Por: Valentina Echeverría O.
Lo que comenzó como una agresión escolar terminó con un estudiante de tercero medio pasando varias horas en una comisaría. Su madre acusa fallas en el procedimiento aplicado por el colegio al que pertenece el adolecente y asegura que, pese a que desde el establecimiento le informaron que el joven iba en calidad de víctima, finalmente fue trasladado como detenido tras el incidente ocurrido durante un recreo.
Según relató la apoderada, el hecho ocurrió el miércoles 20 de mayo, cuando su hijo salió al recreo y — de acuerdo con su versión — fue empujado por otro estudiante de cuarto medio, cayendo al suelo y recibiendo golpes en el rostro. «A mi me llamaron del colegio para decirme que mi hijo había sido agredido y que él no había hecho absolutamente nada».
La madre aseguró que, en su primer momento, desde el establecimiento le indicaron que no era necesario que acudiera al recinto, ya que el joven sería trasladado para constatar lesiones y posteriormente llevado a una comisaría. «Me dijeron que estuviera tranquila, que él iba como víctima y que lo esperara en carabineros porque él iba para allá».
Sin embargo, al llegar a la unidad policial, aseguró que la situación era distinta. «Cuando llegué, me informaron que los cuatro estudiantes iban en calidad de detenidos. Ahí empecé a llamar al colegio porque no entendía cómo mi hijo, que había sido agredido, estaba en esa situación».

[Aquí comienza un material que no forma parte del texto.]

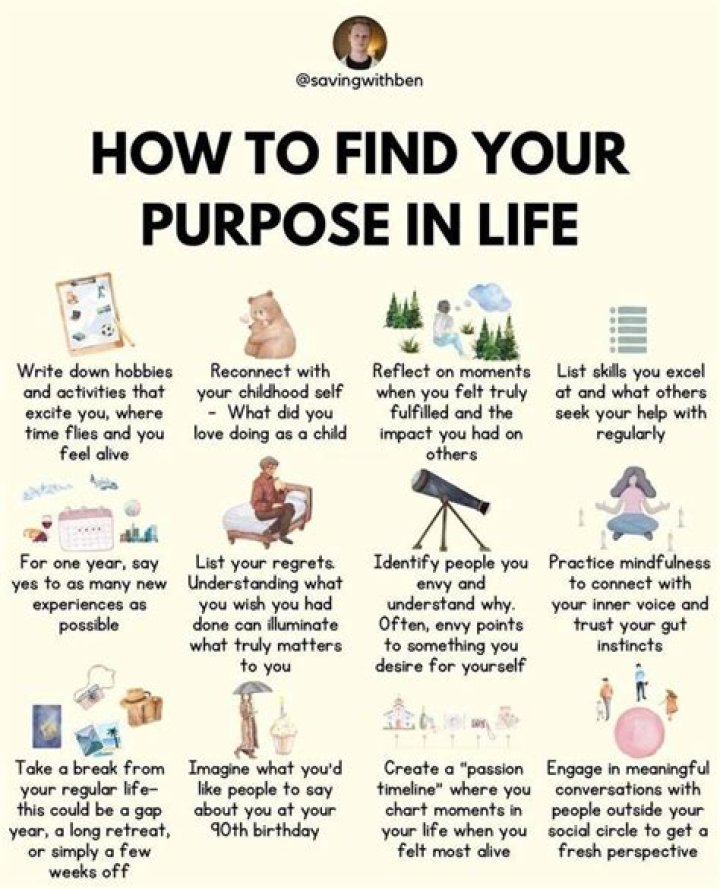 How To Find Your Life Purpose? Navpreet Kaur, Punjab Dhyan Se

La apoderada cuestiona especialmente que ningún directivo del establecimiento se presentara en el lugar para aclarar lo ocurrido. «El carabinero me dijo que quien podía explicar que mi hijo iba como víctima era el director, pero nunca apareció ni contesto. Mandaron a un inspector que dijo que no había visto nada».
De acuerdo con su testimonio, el joven permaneció varias horas en la comisaría y, por ser el único involucrado con 18 años, fue ingresado a una celda junto a otros detenidos adultos, mientras los demás estudiantes quedaron separados por ser menores de edad.
La madre aseguró que la situación le provocó más de una crisis de pánico. «Mi hijo estaba muy mal, lloraba, tiritaba y no podía calmarse. Cuando salio tuve que llevarlo a un consultorio porque se desvanecía», contó la mujer, quien además comentó que él ya estaba enfermo al ingresar al colegio.
También sostiene que existían antecedentes previos de hostigamiento escolar contra su hijo y que el establecimiento estaría al tanto de parte de esas situaciones. «Lo que más impotencia me da es que el colegio sabía cosas que estaban pasando y a mí nunca me informaron nada», expresó.
La familia espera ahora que el caso sea revisado y que se esclarezca la forma en que se aplicó el procedimiento. «Yo solo quiero que se investigue bien lo que pasó y por qué mi hijo terminó detenido si desde un principio me dijeron que él era la víctima».